As a senior official in the Indian Ministry of External Affairs explained this week, there is so much “dual-use” technology in modern American weaponry that almost any weapon India wants to buy from the US might fall victim to the ban. So if the alliance is to prosper, India must be exempted from the US law. As for Pakistan — well, the circumstances there are not so special. That alliance was concluded a long time ago, and anyway, Pakistan is less important to America’s long-term strategy.
All last week, as the law that makes India an exception made its way through the International Relations Committee of the US House of Representatives and the Foreign Relations Committee of the Senate, the Indian media gave breathless, play-by-play reports on its progress, because almost the entire Indian elite believes that becoming America’s primary ally on the Asian mainland will speed the country’s emergence as a great power. With the White House strongly backing the bill and the influential Indo-American community lobbying hard, it passed both committees easily, and its passage by the full House and Senate seems certain.
US anti-proliferation activists feel that they have lost a crucial battle, but they haven’t, really. American law was never going to stop India from getting its own nukes, especially when Pakistan was getting nuclear weapons technology from China. The US has been pretty inconsistent in applying the law anyway: it never tries to enforce it against Israel, which has nukes coming out of its ears and has also never signed the NPT.
If the battle against proliferation has been lost, it was not lost on this field. What is being lost here is the opportunity to hold a public debate in the United States about the advisability of concluding what amounts to a military alliance with India.

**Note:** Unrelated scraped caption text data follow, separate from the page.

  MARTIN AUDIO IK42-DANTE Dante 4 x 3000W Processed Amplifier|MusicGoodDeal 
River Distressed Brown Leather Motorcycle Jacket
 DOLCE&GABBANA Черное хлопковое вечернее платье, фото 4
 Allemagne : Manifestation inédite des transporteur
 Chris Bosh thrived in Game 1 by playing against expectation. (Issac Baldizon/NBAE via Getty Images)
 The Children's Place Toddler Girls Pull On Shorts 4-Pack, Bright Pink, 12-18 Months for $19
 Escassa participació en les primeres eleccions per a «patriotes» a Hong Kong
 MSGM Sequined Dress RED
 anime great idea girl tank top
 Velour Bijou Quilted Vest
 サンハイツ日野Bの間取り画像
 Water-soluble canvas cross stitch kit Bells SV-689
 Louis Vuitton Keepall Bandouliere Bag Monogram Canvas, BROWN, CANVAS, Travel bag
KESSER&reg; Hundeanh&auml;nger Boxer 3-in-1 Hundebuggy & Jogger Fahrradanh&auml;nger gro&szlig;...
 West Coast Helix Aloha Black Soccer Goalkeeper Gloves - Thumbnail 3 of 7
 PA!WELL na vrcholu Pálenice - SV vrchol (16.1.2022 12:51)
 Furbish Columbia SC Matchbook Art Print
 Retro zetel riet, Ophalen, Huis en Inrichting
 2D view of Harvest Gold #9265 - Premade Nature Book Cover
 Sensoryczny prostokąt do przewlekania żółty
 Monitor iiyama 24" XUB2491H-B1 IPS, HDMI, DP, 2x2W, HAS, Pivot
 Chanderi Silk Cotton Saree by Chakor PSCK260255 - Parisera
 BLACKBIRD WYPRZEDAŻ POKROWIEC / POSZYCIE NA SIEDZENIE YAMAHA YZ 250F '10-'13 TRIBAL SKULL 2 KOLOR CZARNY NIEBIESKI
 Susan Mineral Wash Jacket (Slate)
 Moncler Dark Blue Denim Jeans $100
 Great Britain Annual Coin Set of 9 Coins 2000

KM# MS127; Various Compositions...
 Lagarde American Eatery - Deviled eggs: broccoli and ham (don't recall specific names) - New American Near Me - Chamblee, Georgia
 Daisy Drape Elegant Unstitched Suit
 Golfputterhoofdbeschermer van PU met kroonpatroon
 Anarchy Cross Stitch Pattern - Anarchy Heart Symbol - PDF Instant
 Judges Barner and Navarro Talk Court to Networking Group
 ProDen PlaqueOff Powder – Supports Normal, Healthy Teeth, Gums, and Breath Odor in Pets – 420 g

Close friendship, strong trade links, all sorts of cooperation between the world’s two largest democracies are undoubtedly good things and much to be desired, but a military alliance is a quite different thing and not so obviously desirable.
A military alliance between the world’s sole superpower and one of Asia’s two rising giants cannot fail to be seen as directed against the other Asian giant, China, though almost everybody in New Delhi and many people in Washington strenuously deny it. The risk here is of self-fulfiling prophecy: that by defining China as the potential enemy and taking steps to “contain” it, you convince the Chinese that you are their enemy. Verbal declarations that the alliance is not aimed at China may speak less loudly than arms sales, joint exercises and formal military agreements which suggest that it is.
Maybe it is harmless. Maybe the Chinese are ultra-sophisticated people with very steady nerves who will understand that this is merely a precaution in case they turn out to be dangerous when they grow more powerful. But maybe China (like India or America) is run by ordinary people who have great difficulty in seeing the world through someone else’s eyes, in which case they may see the Indian-US alliance as a grave threat.
Indians take a hard line on this, pointing out that it is actually India that has been “contained” by China for decades. China gives nuclear weapons and missiles to Pakistan, it maintains close ties with the Burmese military regime, and it supplies Chinese arms practically free to all of India’s other neighbours — all with the goal of pinning India to its own South Asian region and preventing it from playing a wider role in Asia. It largely succeeded until recently, but now it is Beijing’s turn to have to be grown-up about things. Tough.
India has behaved quite responsibly over the years, so you can understand why Indians are impatient with such worries. But the US Congress, fixated by the non-proliferation issue, is sleep-walking into a de facto alliance that may end up drawing America and all of Asia into a decades-long strategic confrontation without ever really debating that larger question. Since the ten-year military agreement is not a formal alliance, it will never come before Congress, so this is the only chance.